:: SUPPLIED INFORMATION ::
===

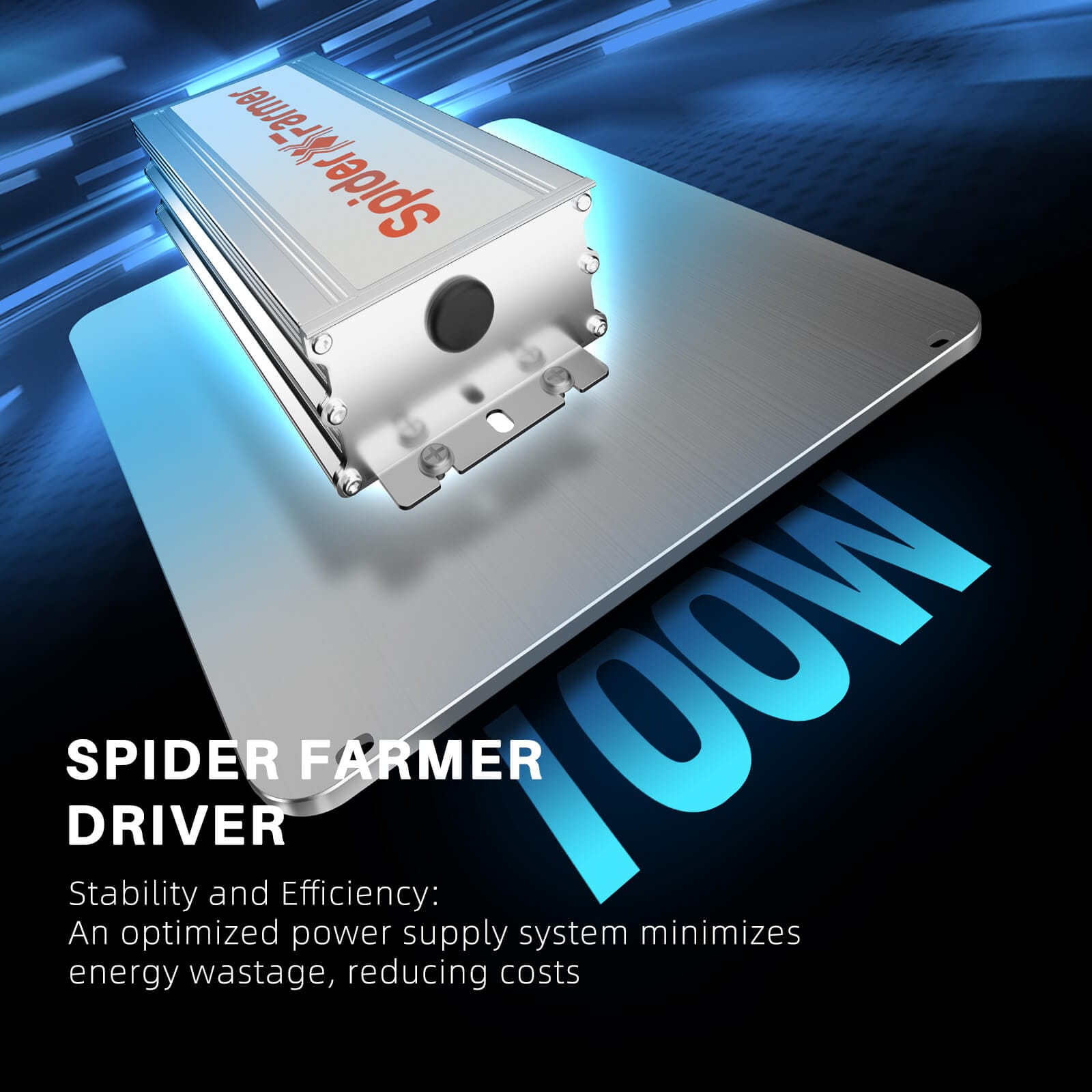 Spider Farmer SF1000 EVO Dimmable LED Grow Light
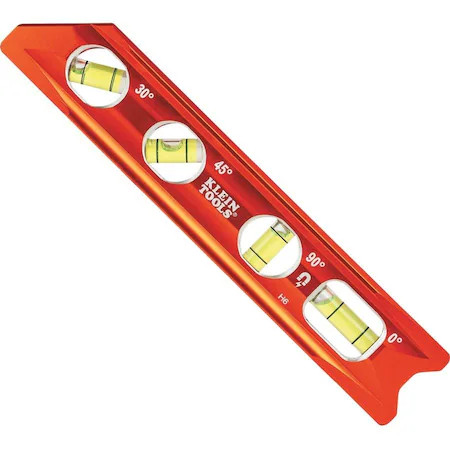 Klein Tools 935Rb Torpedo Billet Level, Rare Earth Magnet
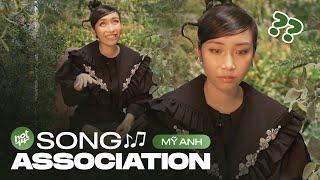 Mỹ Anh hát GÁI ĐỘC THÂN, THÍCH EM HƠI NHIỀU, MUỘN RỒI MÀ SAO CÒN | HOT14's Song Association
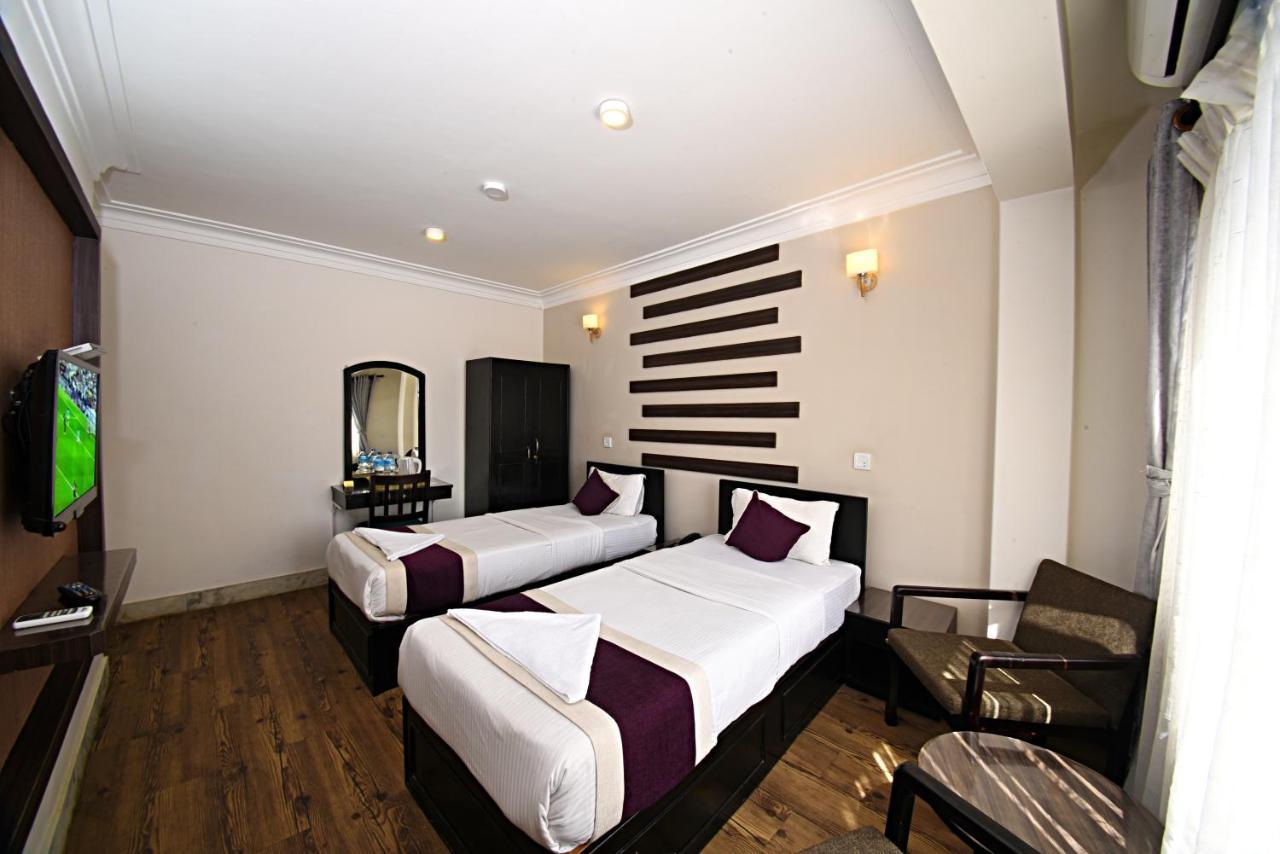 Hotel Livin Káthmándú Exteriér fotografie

===

:: WHAT YOU WILL DO ::
Drop the pictures and set down the data above exactly.

:: FINISHED EXERCISE ::
 Spider Farmer SF1000 EVO Dimmable LED Grow Light
 Klein Tools 935Rb Torpedo Billet Level, Rare Earth Magnet
 Mỹ Anh hát GÁI ĐỘC THÂN, THÍCH EM HƠI NHIỀU, MUỘN RỒI MÀ SAO CÒN | HOT14's Song Association
 Hotel Livin Káthmándú Exteriér fotografie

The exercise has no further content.